Ton séjour dans les bidonvilles du Pérou t’a sans doute totalement changé, mais personne ne doute que tu finiras par revenir même si tu décides volontairement de rater ton avion pour t’engager auprès d’une ONG. Aussi, ce genre d’engagement moralisateur est simplement à même de déclencher l’hilarité chez tes futurs lecteurs et à t’attirer leurs quolibets une fois que tu seras revenu sur le sol natal avec une bonne grosse dysenterie. Préserve-toi.

"Rapatrié par la CIA en Australie, surtout ne vous occupez pas des gravats sous la terrasse"

Une belle connerie commise par Dupont de Ligonnès alors qu’il profitait de ses premières vacances sans les gosses depuis 15 ans. Ou comment transformer tes vacances en chasse à l’homme ou en partie de cache-cache géante. Et puis surtout ça ne permet pas d’apprendre des trucs sur le temps qu’il fait là où tu es, ce qui est quand même le truc le plus important dans une carte postale.

"Je crois que les paysages te plairaient beaucoup"

Il est très probable que les paysages me plairaient beaucoup. Il se trouve simplement que je n’ai pas du tout pu partir, moi, parce que je n’ai pas assez d’argent / un métier qui m’en a empêché / des enfants à garder / la police à mes trousses (rayez les mentions inutiles). Inutile donc de me renvoyer à la gueule le fait que je suis en train de rater ma vie pendant que tu prends des couleurs ou de me bassiner avec la beauté des endroits que tu visites quand je rentre tous les soirs dans mon clapier de 13 mètres carrés. Merci.

"La Chine est un très beau pays même si c'est une dictature affreuse où l'on voit des gens se faire tuer à tous les coins de..."

Globalement, ton séjour éthiquement discutable dans une dictature ne devrait tout de même pas te conduire à une arrestation manu militari par une police dont tu ne parles pas la langue.
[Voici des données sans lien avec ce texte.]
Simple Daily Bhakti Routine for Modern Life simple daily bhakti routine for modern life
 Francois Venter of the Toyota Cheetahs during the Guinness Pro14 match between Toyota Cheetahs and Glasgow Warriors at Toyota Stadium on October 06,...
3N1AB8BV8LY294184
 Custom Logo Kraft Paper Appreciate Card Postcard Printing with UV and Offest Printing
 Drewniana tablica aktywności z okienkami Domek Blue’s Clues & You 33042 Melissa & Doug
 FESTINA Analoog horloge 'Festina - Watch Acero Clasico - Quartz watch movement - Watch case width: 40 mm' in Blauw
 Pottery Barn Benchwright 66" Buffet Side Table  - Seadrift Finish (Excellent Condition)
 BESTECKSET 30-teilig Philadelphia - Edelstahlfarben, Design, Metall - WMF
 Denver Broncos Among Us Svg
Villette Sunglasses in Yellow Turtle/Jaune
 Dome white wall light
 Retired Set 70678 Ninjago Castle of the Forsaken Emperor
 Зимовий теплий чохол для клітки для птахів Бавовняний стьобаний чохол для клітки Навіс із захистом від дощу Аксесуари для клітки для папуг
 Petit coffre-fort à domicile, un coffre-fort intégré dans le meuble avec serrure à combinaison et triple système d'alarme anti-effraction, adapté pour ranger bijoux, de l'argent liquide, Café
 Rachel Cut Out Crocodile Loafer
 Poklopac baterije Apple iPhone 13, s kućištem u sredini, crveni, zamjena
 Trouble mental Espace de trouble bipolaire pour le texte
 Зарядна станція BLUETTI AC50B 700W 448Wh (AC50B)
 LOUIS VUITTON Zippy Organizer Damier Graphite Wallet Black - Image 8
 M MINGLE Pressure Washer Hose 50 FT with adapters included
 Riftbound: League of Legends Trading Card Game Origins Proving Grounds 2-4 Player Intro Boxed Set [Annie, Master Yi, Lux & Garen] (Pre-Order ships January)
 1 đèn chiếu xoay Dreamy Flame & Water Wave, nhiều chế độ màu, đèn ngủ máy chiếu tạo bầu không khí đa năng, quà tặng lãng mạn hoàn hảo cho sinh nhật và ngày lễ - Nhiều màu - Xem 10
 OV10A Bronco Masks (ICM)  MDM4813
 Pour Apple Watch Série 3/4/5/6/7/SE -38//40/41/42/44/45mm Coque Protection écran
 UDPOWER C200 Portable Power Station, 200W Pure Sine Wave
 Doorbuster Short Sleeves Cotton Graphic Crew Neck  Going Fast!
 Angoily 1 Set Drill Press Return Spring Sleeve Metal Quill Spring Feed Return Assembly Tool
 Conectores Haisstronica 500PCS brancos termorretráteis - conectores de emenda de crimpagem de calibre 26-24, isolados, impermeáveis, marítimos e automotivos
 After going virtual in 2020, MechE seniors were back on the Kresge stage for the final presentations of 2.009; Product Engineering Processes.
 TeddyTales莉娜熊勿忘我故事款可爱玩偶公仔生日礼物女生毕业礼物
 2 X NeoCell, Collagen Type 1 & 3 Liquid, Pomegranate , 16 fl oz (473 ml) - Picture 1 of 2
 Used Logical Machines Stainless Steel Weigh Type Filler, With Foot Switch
Pour te préserver de tout séjour dans une prison mal ventilée et t’assurer que ta missive arrive à bon port, le mieux est donc de s’en tenir à une description factuelle des paysages et des rencontres (forcément) enrichissantes que tu as pu faire au pays de la non-liberté de parole, quitte, plus tard, à essayer de militer pour une meilleure prise en compte de tous ces enjeux étrangers qui font l’objet d’une relative indifférence au bercail.

Bisous mamie, j’espère que tout va bien pour vous.